** Information supplied follows **
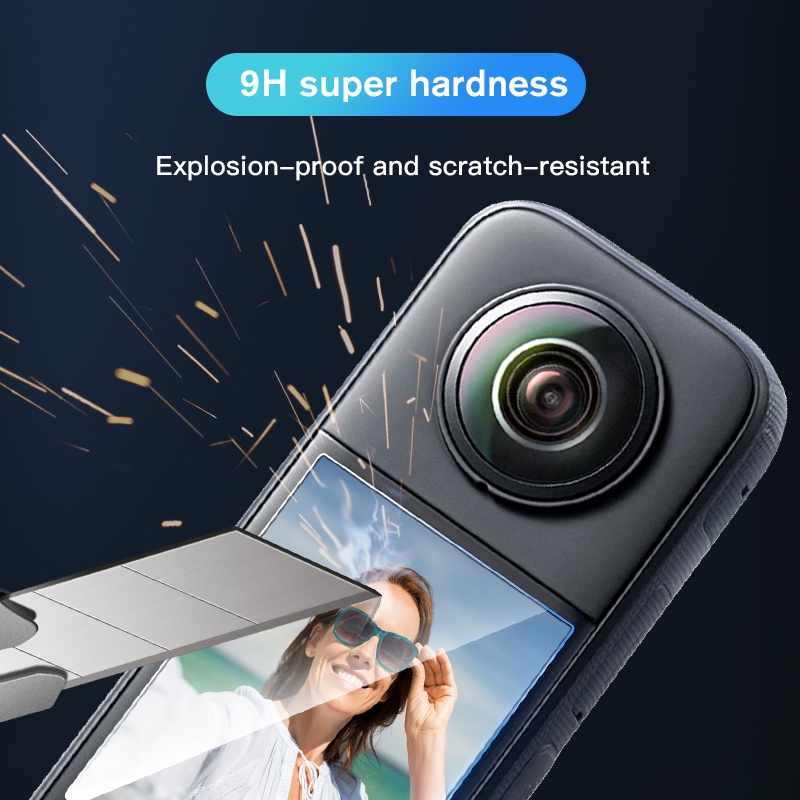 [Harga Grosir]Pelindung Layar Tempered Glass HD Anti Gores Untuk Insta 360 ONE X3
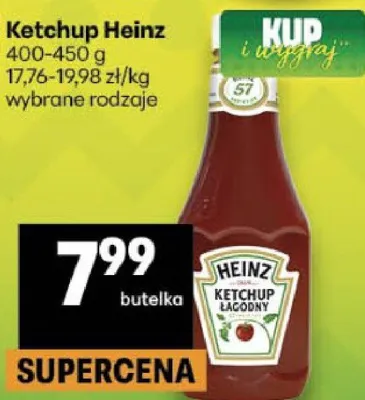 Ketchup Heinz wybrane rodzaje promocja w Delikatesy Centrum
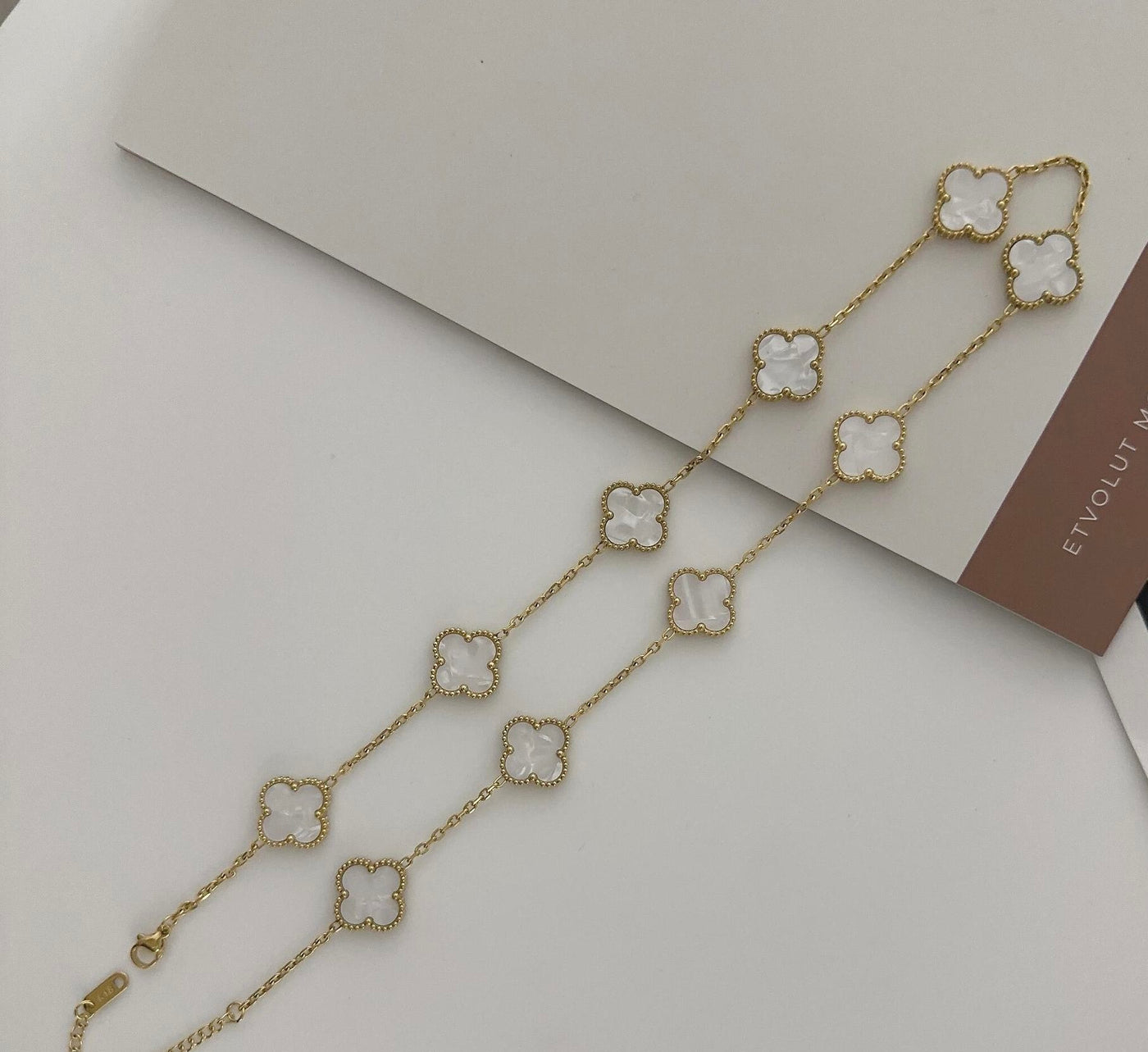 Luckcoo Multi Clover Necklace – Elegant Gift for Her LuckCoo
** End of Information supplied **
_Exercise_: Pictures are not part of the copy; retype all the other material exactly.

_Output below_:
 [Harga Grosir]Pelindung Layar Tempered Glass HD Anti Gores Untuk Insta 360 ONE X3
 Ketchup Heinz wybrane rodzaje promocja w Delikatesy Centrum
 Luckcoo Multi Clover Necklace – Elegant Gift for Her LuckCoo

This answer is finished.